Personal information
- Born: May 22, 1975 (age 50) Montreal, Quebec, Canada
- Height: 6 ft 7 in (2.01 m)
- Weight: 320 lb (145 kg)

Career information
- College: Kentucky
- CFL draft: 1999: 1st round, 2nd overall pick

Career history
- 1999–2001: Toronto Argonauts
- 2002–2004: Ottawa Renegades
- 2005: Calgary Stampeders
- Stats at CFL.ca

= David De La Perralle =

Canadian gridiron football player (born 1975)

David De La Peralle (born May 22, 1975) is a Canadian former professional football offensive lineman who played five seasons in the Canadian Football League (CFL) with the Toronto Argonauts, Ottawa Renegades, and Calgary Stampeders. He was selected by the Argonauts with the second overall pick of the 1999 CFL draft. He first enrolled at Vanier College before transferring to the University of Kentucky.

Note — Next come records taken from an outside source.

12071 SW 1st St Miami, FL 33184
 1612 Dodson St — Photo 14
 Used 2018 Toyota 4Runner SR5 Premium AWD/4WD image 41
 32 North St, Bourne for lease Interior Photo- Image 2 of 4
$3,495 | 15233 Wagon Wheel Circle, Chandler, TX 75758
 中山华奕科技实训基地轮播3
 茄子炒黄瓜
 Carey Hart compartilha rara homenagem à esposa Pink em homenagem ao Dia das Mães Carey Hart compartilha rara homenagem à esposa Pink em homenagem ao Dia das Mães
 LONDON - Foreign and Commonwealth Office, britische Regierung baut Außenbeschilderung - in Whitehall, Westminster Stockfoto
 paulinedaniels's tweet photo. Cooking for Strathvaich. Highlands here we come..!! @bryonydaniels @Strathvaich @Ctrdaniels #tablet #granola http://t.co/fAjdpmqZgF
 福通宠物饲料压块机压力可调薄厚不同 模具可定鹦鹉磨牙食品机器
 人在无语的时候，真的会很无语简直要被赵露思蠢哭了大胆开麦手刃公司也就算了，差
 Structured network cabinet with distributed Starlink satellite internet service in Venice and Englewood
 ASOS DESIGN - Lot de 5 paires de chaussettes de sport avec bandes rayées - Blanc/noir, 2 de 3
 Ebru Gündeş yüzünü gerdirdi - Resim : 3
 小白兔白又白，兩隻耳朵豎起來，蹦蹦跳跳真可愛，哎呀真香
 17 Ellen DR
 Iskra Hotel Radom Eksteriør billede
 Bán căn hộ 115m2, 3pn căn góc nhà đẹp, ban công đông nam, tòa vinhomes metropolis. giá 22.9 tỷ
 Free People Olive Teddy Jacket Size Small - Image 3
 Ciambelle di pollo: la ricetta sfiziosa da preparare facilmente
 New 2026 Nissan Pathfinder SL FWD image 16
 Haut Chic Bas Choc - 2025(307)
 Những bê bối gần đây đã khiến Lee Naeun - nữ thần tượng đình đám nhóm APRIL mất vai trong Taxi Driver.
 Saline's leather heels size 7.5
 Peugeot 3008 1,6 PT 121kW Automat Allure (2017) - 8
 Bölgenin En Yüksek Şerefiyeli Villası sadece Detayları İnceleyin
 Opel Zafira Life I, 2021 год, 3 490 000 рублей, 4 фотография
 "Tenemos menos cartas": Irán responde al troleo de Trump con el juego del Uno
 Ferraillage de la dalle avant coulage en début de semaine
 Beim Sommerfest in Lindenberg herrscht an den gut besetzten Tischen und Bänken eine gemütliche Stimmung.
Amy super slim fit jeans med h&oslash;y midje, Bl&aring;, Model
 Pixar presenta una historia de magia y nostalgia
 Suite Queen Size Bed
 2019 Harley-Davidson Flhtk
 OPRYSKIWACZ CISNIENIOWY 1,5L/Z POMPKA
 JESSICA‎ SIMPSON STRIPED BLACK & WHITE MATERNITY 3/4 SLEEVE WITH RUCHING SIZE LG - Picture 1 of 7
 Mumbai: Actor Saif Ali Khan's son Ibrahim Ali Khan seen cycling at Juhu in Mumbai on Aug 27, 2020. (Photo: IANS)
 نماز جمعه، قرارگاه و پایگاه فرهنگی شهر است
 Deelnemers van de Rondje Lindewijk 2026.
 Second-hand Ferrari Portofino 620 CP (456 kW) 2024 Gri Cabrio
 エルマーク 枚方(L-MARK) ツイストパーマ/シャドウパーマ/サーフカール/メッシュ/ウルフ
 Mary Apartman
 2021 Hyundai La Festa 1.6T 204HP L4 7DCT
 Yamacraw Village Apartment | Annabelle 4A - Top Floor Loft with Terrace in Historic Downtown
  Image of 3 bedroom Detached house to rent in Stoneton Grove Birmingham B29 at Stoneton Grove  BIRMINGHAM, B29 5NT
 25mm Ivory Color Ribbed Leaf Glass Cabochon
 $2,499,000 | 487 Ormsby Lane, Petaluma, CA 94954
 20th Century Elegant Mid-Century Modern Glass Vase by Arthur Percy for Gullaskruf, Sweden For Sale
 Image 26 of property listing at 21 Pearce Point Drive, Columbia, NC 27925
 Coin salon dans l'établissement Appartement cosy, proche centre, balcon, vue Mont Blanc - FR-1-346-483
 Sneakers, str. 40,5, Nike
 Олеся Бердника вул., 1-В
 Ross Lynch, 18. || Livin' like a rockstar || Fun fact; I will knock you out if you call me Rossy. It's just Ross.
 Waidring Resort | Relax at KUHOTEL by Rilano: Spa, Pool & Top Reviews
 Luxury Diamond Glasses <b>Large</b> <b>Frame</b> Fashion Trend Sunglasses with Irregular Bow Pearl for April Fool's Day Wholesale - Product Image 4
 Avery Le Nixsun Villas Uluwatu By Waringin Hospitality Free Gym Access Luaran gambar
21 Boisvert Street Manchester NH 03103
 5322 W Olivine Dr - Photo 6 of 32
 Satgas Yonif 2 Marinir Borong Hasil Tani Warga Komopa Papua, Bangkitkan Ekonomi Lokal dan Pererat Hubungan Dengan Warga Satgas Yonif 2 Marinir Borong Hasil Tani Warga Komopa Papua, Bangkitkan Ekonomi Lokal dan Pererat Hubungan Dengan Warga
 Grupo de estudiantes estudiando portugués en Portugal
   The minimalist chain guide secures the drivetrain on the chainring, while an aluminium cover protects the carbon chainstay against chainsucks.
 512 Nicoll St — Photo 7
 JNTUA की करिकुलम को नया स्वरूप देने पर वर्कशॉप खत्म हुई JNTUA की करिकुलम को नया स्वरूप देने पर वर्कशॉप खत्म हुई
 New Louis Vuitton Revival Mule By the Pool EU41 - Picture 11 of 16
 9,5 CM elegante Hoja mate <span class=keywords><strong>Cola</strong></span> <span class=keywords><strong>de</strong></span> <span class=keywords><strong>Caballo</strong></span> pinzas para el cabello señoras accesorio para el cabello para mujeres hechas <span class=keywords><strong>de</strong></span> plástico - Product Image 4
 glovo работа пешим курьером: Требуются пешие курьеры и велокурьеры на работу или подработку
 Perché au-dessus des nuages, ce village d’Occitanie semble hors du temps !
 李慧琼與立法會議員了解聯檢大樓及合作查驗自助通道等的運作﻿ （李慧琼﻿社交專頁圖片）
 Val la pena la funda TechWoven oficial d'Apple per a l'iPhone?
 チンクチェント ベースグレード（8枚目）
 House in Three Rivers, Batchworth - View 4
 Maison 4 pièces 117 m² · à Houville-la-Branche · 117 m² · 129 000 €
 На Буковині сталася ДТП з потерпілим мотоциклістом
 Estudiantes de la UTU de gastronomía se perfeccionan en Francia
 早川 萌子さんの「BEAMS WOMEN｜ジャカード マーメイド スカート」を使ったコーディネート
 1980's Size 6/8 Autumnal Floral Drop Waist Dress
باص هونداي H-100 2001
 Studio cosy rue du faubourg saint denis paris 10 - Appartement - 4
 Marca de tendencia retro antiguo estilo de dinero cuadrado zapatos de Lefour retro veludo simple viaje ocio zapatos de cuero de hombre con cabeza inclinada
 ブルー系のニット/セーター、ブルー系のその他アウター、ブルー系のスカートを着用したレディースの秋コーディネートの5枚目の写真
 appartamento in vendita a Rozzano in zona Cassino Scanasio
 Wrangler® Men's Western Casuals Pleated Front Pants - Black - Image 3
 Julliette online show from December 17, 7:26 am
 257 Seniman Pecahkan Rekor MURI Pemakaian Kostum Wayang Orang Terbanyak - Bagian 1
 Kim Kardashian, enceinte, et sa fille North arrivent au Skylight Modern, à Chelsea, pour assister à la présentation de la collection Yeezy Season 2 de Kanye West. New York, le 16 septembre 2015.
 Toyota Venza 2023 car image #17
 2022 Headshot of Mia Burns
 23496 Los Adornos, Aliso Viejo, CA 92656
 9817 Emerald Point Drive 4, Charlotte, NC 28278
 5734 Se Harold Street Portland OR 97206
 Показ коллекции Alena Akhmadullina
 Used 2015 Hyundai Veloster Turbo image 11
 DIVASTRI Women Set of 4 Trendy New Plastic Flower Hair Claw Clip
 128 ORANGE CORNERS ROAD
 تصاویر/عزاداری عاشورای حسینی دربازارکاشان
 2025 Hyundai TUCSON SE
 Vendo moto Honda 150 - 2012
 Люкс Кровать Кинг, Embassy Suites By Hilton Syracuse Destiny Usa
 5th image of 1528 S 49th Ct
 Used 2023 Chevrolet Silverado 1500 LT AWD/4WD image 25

==Early life and college==
David De La Peralle was born on May 22, 1975, in Montreal. He played CEGEP football at Vanier College in Montreal. He helped Vanier advance to the Quebec provincial finals both seasons he was there.

De La Peralle played college football for the Kentucky Wildcats of the University of Kentucky from 1996 to 1997. He was a letterman in 1996, and was named the team's lineman of the year. He alternated between guard and tackle while at Kentucky.

==Professional career==
De La Perralle was selected by the Toronto Argonauts of the Canadian Football League (CFL) in the first round, with the second overall pick, of the 1999 CFL draft. Upon drafting De La Perralle, Argonauts head coach Jim Barker stated "We're extremely delighted. We got the player we wanted." De La Perralle dressed in 13 games during his rookie year in 1999. He missed the entire 2000 season due to injury. He was released by the Argonauts on June 23, 2001.

De La Perralle signed with the Ottawa Renegades on February 27, 2002. He dressed in eight games for the Renegades in 2002 and posted one tackle. He dressed in five games in 2003 before missing the rest of the season due to injury. De La Perralle re-signed with Ottawa on November 26, 2003. He was on the injured list for the first four games of the 2004 season before being released.

De La Perralle was signed by the Calgary Stampeders on February 18, 2005. He dressed in all 18 games for the Stampeders during the 2005 season, primarily as the team's sixth offensive lineman. He also dressed for the West semifinal game. De La Perralle was released by the Stampeders on May 4, 2006. He stood 6'7" and weighed 320 pounds during his CFL career.